„Historia Kościoła”, nr 2 ( 8 ), marzec-kwiecień 2025 – recenzja i ocena
„Historia Kościoła”, nr 2 (8), marzec-kwiecień 2025 – recenzja i ocena
Miesięczniki traktujące o historii jeszcze kilka lat temu cieszyły się ogromnym zainteresowaniem ze strony czytelników. Redakcje największych tytułów prześcigały się w wydawaniu numerów tematycznych i okołotematycznych, dbano o odpowiedni dobór kompetentnych autorów, a także atrakcyjną szatę graficzną.
Obecnie, również za sprawą internetu i popularności portali historycznych, jak np. Histmag, to zainteresowanie nieco okrzepło. Na to nałożył się kryzys prasy papierowej, rosnące ceny i chyba też ogólny przesyt - w natłoku miesięczników historycznych można było dostrzec pewną powtarzalność w doborze tematów. Historia stała się przestrzenią wyciągania sensacji, często wybiórczych opowieści pozbawionych kontekstu i bardziej przypominających historyczny tabloid.
Najnowszy numer „Historii Kościoła” od Instytutu Gość Media (wydawcy „Gościa Niedzielnego”) pokazuje, że narracje o przeszłości mogą nie tylko dotykać wybranych aspektów dziejów, ale również dokonywać ich szerokiej interpretacji. Motywem przewodnim są relacje chrześcijańsko-żydowskie - stąd obrazowy tytuł „Żydzi i chrześcijanie. Rodzina z problemami”, który dobrze oddaje szerokie spektrum rozważań, ale zrazu sygnalizuje wielość kontekstów.
Ważnym tekstem otwierającym owe rozważania jest ten autorstwa ks. Stanisława Adamiaka poświęcony rozejściu się dróg Kościoła i Synagogi. Autor nazywa to wydarzenie (czy też sekwencję wydarzeń) rozwodem lub pierwszą schizmą w dziejach chrześcijaństwa. Omawia przyczyny, wzajemne niesnaski i narastające uprzedzenia, a także - odmienne doświadczenia prześladowań ze strony Rzymu. Te ostatnie chyba ugruntowały ów podział, tworząc odrębne narracje i punkty formacyjne.
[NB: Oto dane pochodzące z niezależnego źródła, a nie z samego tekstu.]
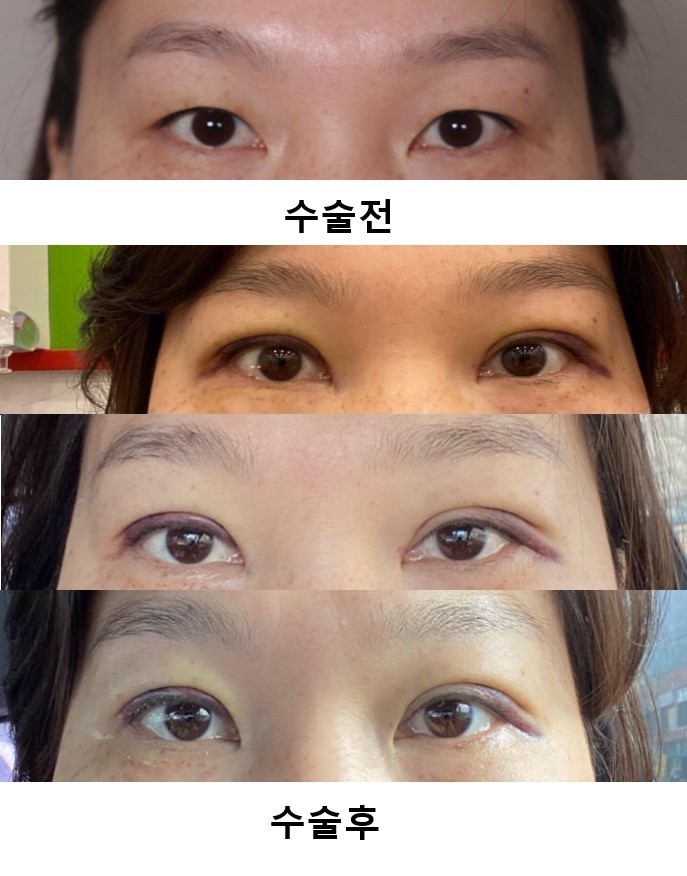 눈매교정 + 쌍꺼풀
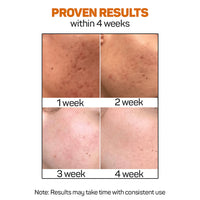 Vitamin C Serum – For Brightening, Hydration and Anti-Aging Care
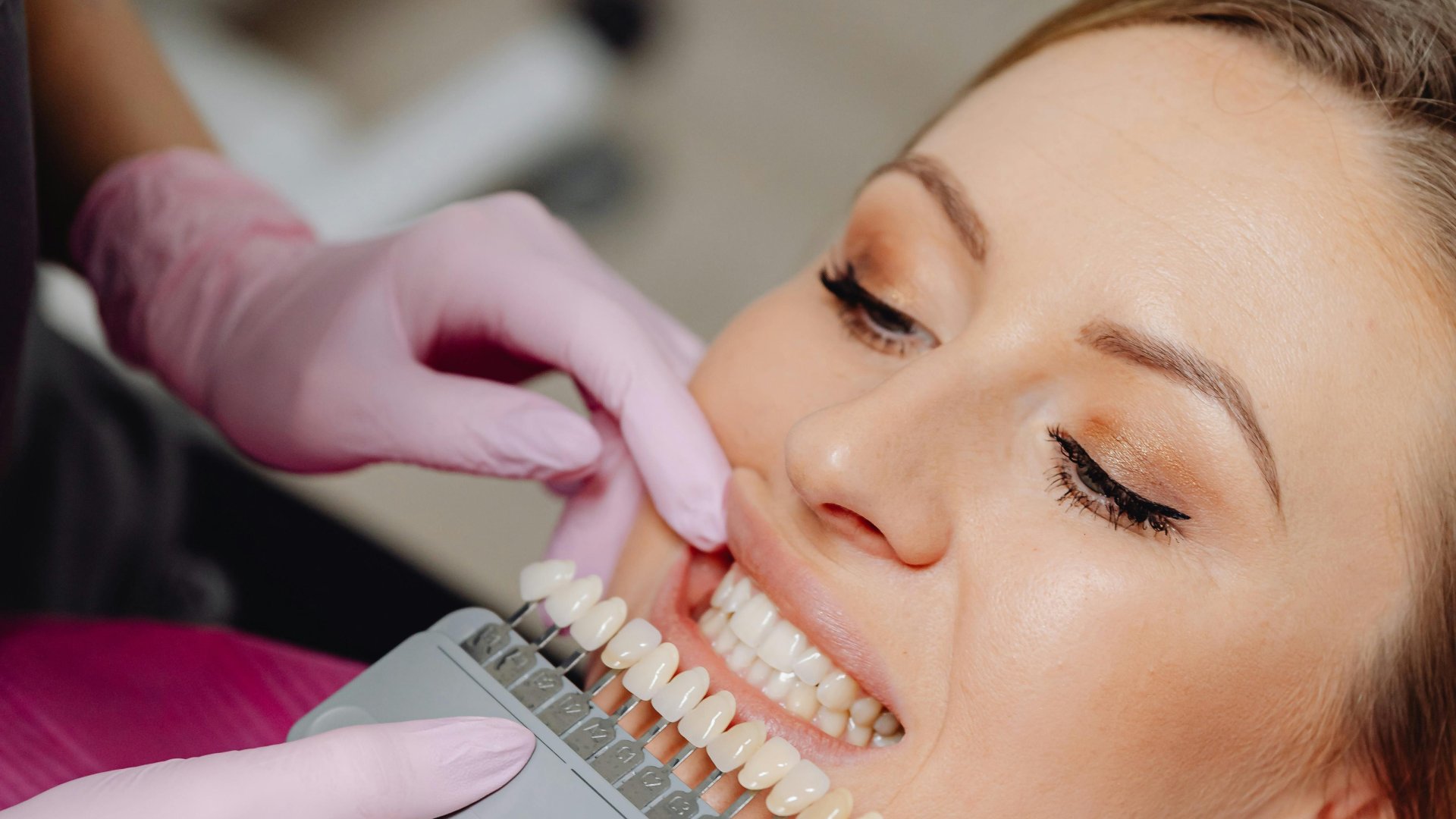 Aesthetic Problems with Your Teeth? A Dental Crown Might Be the Perfect Solution Aesthetic Problems with Your Teeth? A Dental Crown Might Be the Perfect Solution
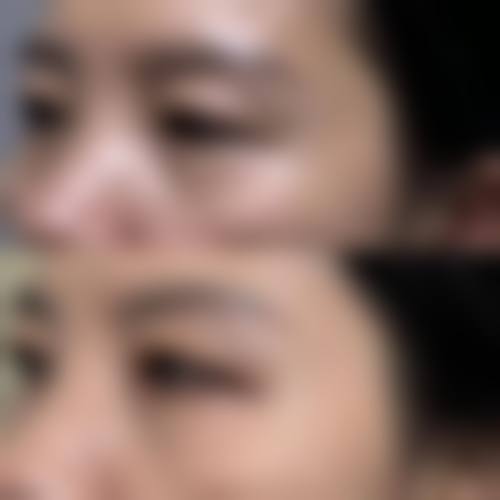 擅长项目详解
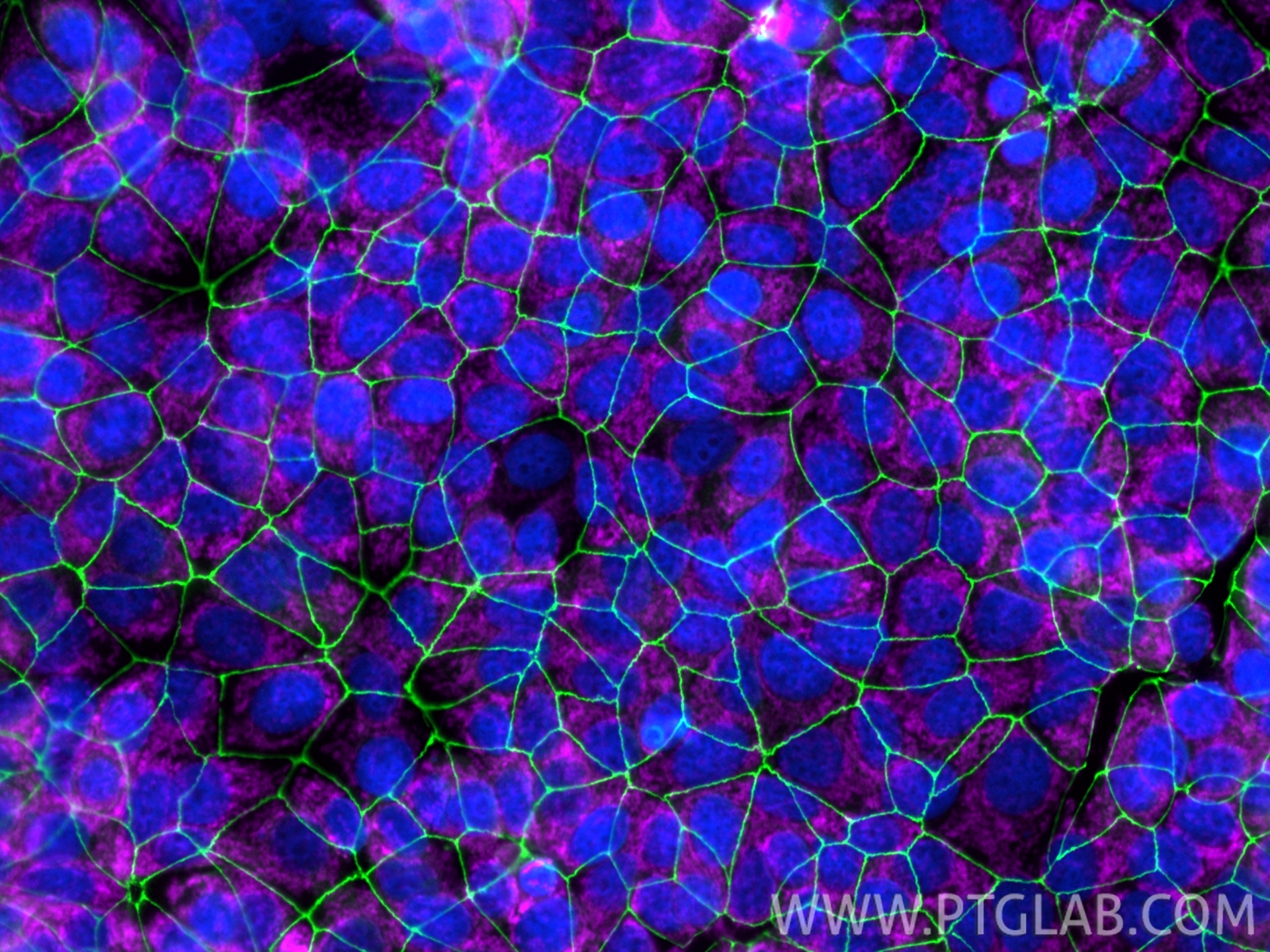 MCF-7 细胞免疫荧光实验：
经多聚甲醛（PFA）固定的细胞，分别用以下抗体染色：抗 ZO-1 抗体（货号：21773-1-AP），经 Chembright 试剂盒（货号：PK30030）标记，呈绿色荧光；抗 TOM20 抗体（货号：80501-1-RR），经 Chembright 试剂盒（货号：PK30031）标记，呈品红色荧光；细胞核用 DAPI 染色，呈蓝色荧光。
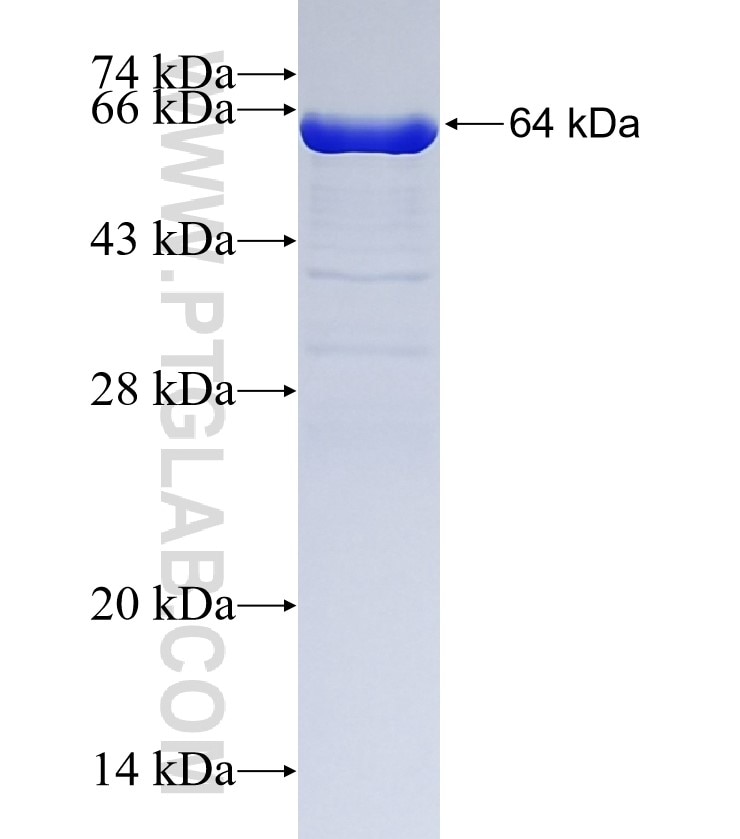 LPCAT1 fusion protein Ag9035 SDS-PAGE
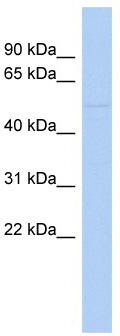 WB Suggested Anti-ZNF669 Antibody Titration: 0.2-1 ug/ml; ELISA Titer: 1: 1562500; Positive Control: COLO205 cell lysate
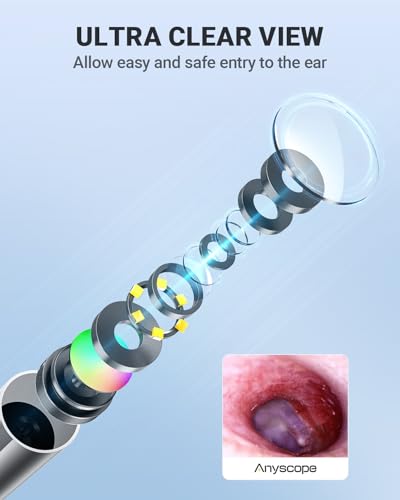 Silver Digital Otoscope Ear Camera with HD Video & LED Lights for iPhone & Android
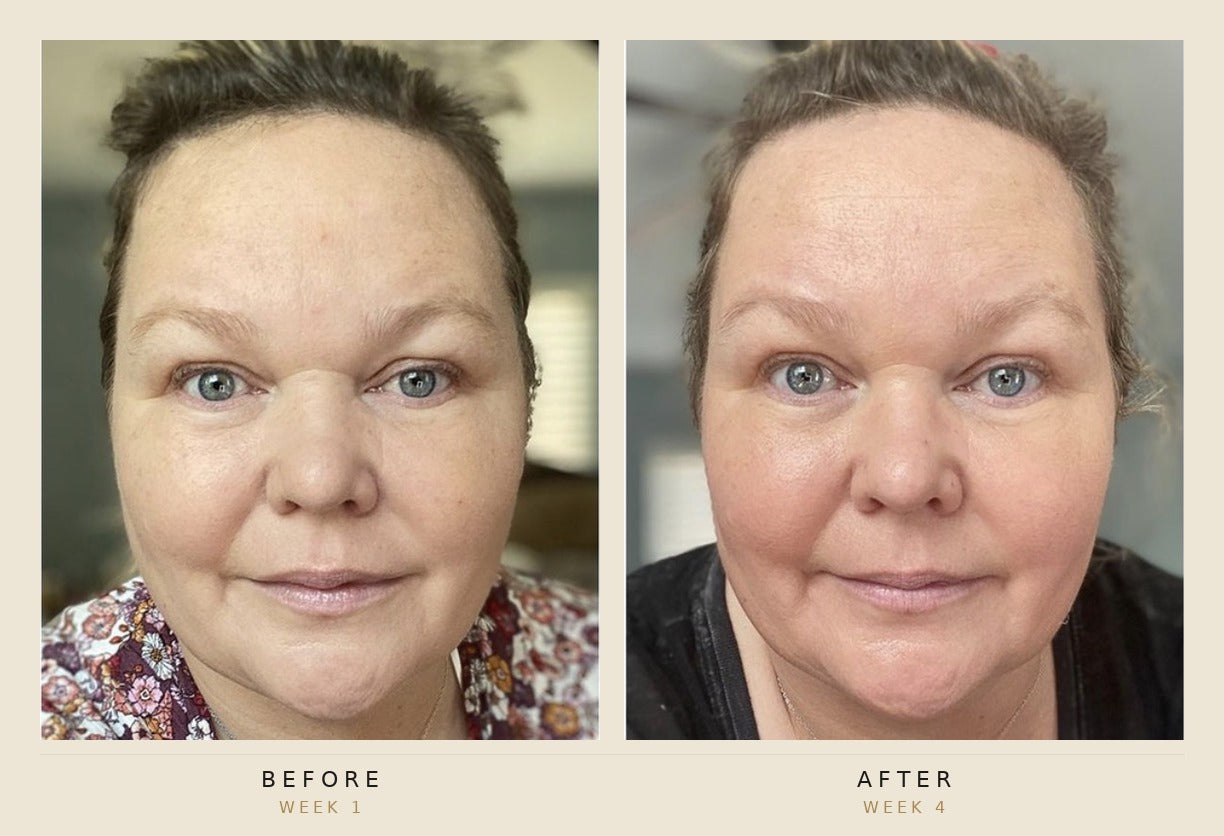 A side-by-side before and after facial skin comparison of a woman, labeled 'BEFORE WEEK 1' on the left and 'AFTER WEEK 4' on the right, with a beige border around the photos.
Konflikt chrześcijańsko-żydowski I wieku jest też kanwą artykułu ks. prof. Mariusza Rosika, który zastanawia się nad tym czy i w jakim stopniu chrzecijaństwo i judaizm rabiniczny są równorzędnymi religiami jako kontynuacja judaizmu biblijnego. Rozejście spowodowało bowiem różnice strukturalne i organizacyjne, toteż nie dziwi, że zarówno chrześcijańscy, jak i żydowscy badacze, a także zwolennicy ujęcia kontynuacyjnego akcentują, że to właśnie ich religie wywodzą się w prostej linii z judaizmu biblijnego.
Owe rodzinne problemy narastały w kolejnych wiekach, stąd o złożoności postaw ojców Kościoła i papieży, pisze kard. Grzegorz Ryś. Ale przecież nie wszyscy byli nastawieni antyżydowsko. Przeciwnie, lektura pism chrześcijańskich potwierdza, że w sferze doktrynalnej i oficjalnego nauczania Kościoła, nie było formalnego antysemityzmu - przypomina o tym wspomniany kardynał w rozmowie z Jackiem Dziedziną. Dlatego tak ważne jest zrozumienie kontekstów - o ile więc za niechęć, a nawet i przemoc wobec Żydów odpowiadali poszczególni chrześcijanie, o tyle również niechętni Żydom chrześcijanie w czasie II wojny światowej z narażeniem życia nieśli pomoc prześladowanym Żydom.
Recenzowany numer nie zawiera jednak wyłącznie tematycznych artykułów. Warto zapoznać się chociażby z tekstami Przemysława Kucharczaka o chrzcie jako „najlepszej inwestycji w historii Polski”, czy też losach biskupa Wojciecha, które w ciekawy sposób przybliża Jan Hlebowicz.
Warto sięgnąć po recenzowany egzemplarz. Znajdziemy tu bowiem nie tylko opis wybranych aspektów, ale pogłębioną i inspirującą interpretację. Dzięki temu nie tylko możemy uporządkować wiedzę, ale zastanowić się nad wspólną-oddzielną historią chrześcijaństwa i judaizmu. Przede wszystkim dlatego, by zrozumieć się wzajemnie i szukać dróg porozumienia. Pomimo różnic, obie wielkie religie wciąż przecież wiele łączy. Wszyscy pochodzimy z Jerozolimy, jak zauważa Jacek Dziedzina w felietonie otwierającym omawiany numer. I trudno temu zaprzeczyć.